I used RC212 on my 2013 Carmenere. I'm making it again this year and I think I'm going to try D254.


----------



## sour_grapes (Apr 13, 2016)

IMHO, you don't need to use Uvaferm 43. Your intended ABV is not all that high, so most yeasts will be able to handle it. Partly because Chilean Carmenere was confused with Merlot for so many years, I like to think of it as similar to Merlot.

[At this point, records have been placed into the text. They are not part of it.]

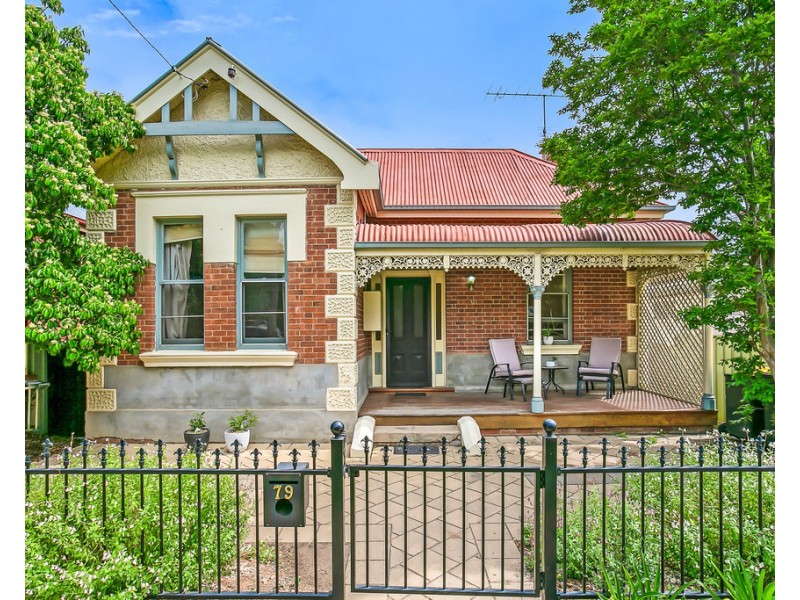 79 Carthage Street, Tamworth NSW 2340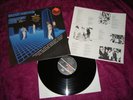 LP - Secret Service / Greatest Hits - German 1982 MINT SHRINK plays perfect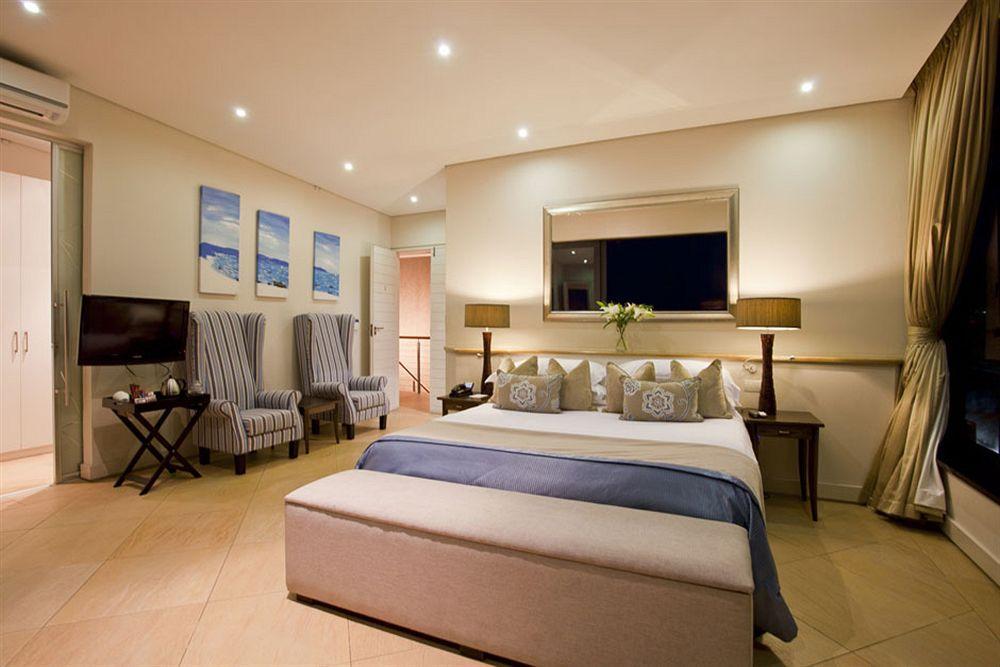 Canelands Beach Club Salt Rock Eksteriør bilde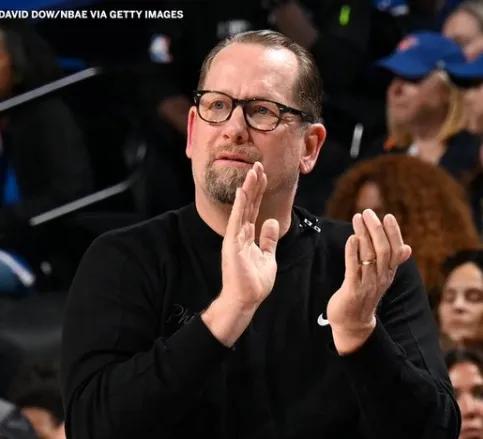 ESPN：纳斯59岁生日当晚，詹姆斯为他送上了最好的生日礼物
07月25日讯，篮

With that in mind, you could look at MoreWine's yeast pairing guide here: http://morewinemaking.com/public/pdf/wyeastpair.pdf Like Jim, I am a fan of D254, and would probably choose that one. (https://morewinemaking.com/products/icv-d254-dry-wine-yeast.html#reviews .)


----------



## Treeman (Apr 13, 2016)

I've had good luck with BRL97. Can't get much more rustic red than a yeast isolated from Barolo, and this yeast is good to 15%, has low nitrogen needs, and also a low H2S producer.


----------